Death of Paul Mitton
Our firm friend and companion in Aikido Paul has died
Paul Mitton, from Bath Aikido Society, has died after suffering pancreatic cancer for several months.
Paul was with us since the beginning - before the beginning, in fact, because his association with members of the club pre-dates it by many years.
Through all that time he remained a true friend and companion; he was supportive of individuals and the club, and generous with his time and energy.
His approach to Aikido and life was permeated with his good humour and the kind of common-sense that counts as wisdom, and which promptly evaporated any pompousness or overbearing solemnity that wandered into his path. At the same time he wore his own dignity lightly.
Once, Paul was informed by the British Aikido Board that the name Bath Aikido Society would not do - it was too parochial.

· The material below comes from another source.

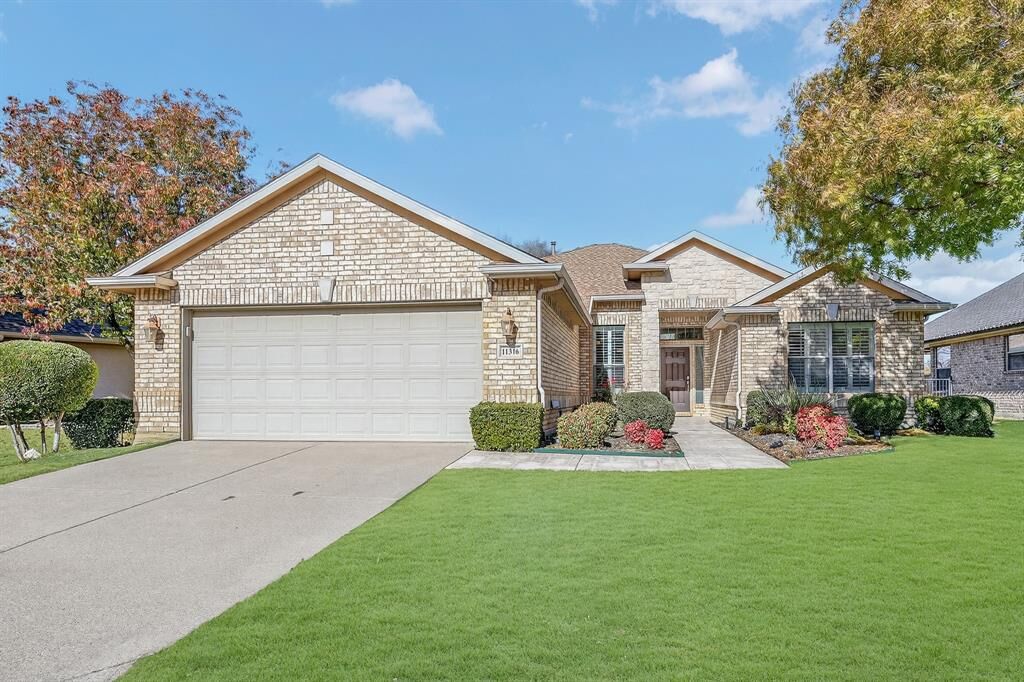 Property Photo:  11316 Southerland Drive  TX 76207 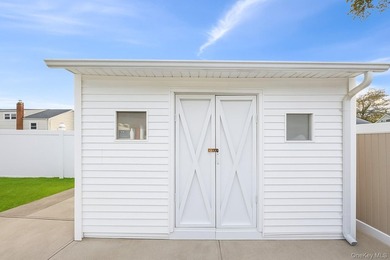1012-N-Ontario-Ave-Lindenhurst-NY-11757 Turnkey 5-Bedroom - photo 17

He was never one to indulge in pointless battles or disputes, so after giving the matter a little thought, he put forward an alternative which was duly accepted as a suitable improvement: Furo Ryu Aikido. In other words, Hot Bath Aikido - because he wasn’t one who was willing just to give in either.
As was often the case with Paul, his solution meant that he got what he wanted, the other side were happy - and everyone else got an object lesson in how Aikido works in real life.
To his Aikido practice he brought a playfulness that we loved. At a seminar on a mat full of people you’d be grabbed from behind (Paul’s favourite way of inviting you to practise with him) with the words “Let’s play!” and turn round - if he let you - to see a grin on his face and a glint in his eye.
He took everyone he practised with equally seriously. No-one, however mismatched to his strength or experience, ever felt that he was just going through the motions for them. This attitude was equally evident off the mat - at an Aikido dinner he’d be as generous and sincere with his attention towards a child at the table as towards an Aikido luminary on his other side.
Paul was not just an Aikido teacher but an educator in his professional life as well, and education was not merely his job; nearing his retirement from City of Bristol College, he set up Hedley Hall Training, an educational charity. Typically of Paul, it’s another thing that he made sure would continue to exist and work without him - he was no jealous guardian of the products of his labours.
We have been lucky to have Paul’s friendship, though cruelly cut short, but he left a lot to remember him by and those things will stay with us. He was a fine friend to have had.